In 1937, he was traded to the San Diego Padres (PCL), where he hit .314. The Padres won the Governor's Cup that year.

===Semi-retirement as player===
He all-but retired as a player after the 1938 season, spending the 1939 season with two Western International League teams and playing just 2 games for the 1940 Angels (in addition to his coaching duties).

==After his playing career==

Reese served in the Army from November 1942 to July 1943 with the 12th Armored Division at Fort Campbell, Kentucky, where he managed the baseball team.

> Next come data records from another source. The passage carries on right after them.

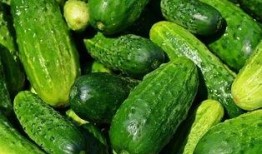 婷儿吃瓜记录,揭秘娱乐圈那些事儿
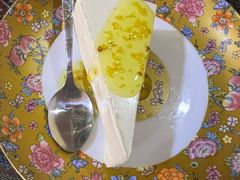 -古树酸奶(八廓南街店)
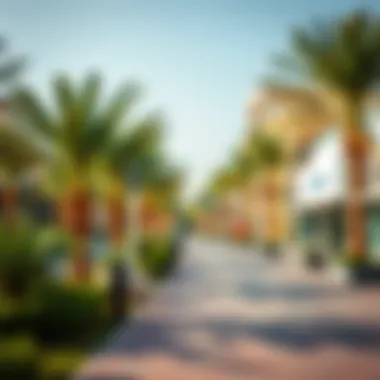 Local Amenities in Al Muteena Local amenities like parks and shopping areas in Al Muteena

After the war, he worked as a scout for the Boston Braves for two years, and coached in San Diego from 1948 until 1960, when he was appointed manager. But he preferred to coach, so he resigned partway through the 1961 season. "I'm best suited as a liaison man, as a coach", he said. "I just am not suited to give a guy hell."

From 1963 until 1970 he coached at Hawaii, Seattle, and Portland, Oregon; then, he scouted for the Montreal Expos.

He threw out the ceremonial first pitch at the 1989 Major League Baseball All-Star Game, played at Anaheim Stadium.

Reese never married, had no children, and was mostly estranged from his extended family. In 1972, at age 71, he asked the Angels for a job, and was hired as conditioning coach, whose job was to get the players into shape. Reese's main specialty, however, was hitting fungos in practice, using a fungo bat he made himself. Numerous Angels players remarked on his seemingly uncanny ability to place fungos where he wanted. He even occasionally "pitched" batting practice with his fungo bat, standing at the pitcher's rubber and consistently hitting line drives over the middle of the plate. He was regularly called "the nicest man in baseball", and had a friendship with Nolan Ryan when he was with the team; Ryan would name one of his sons Reese in his honor. He was listed as an Angels coach for 22 years, until his death on July 13, 1994, in Santa Ana, California. He died peacefully of aspiration pneumonia and respiratory failure.

His uniform #50 was retired by the club in his memory. At his death, Reese was believed to be the oldest person ever to regularly wear a uniform in an official capacity in the history of organized professional baseball in North America. His record was surpassed in 2016 by Red Schoendienst, who served as a special assistant coach for the St. Louis Cardinals, wearing a Cardinals uniform in that role, until his death in 2018 at age 95. Ted Radcliffe and Buck O'Neil made appearances in professional games at older ages, but those were one-off ceremonial events.

He was inducted into the Pacific Coast League Hall of Fame in 2003.

==See also==
- List of Jewish Major League Baseball players
- List of Major League Baseball retired numbers

==In popular culture==
In the Lee Child novel One Shot (and the movie Jack Reacher based on it), the hero Jack Reacher uses the alias Jimmie Reese. He confirms that whenever he uses an alias, he always uses the name of someone who played second base for the Yankees, such as Jimmie Reese.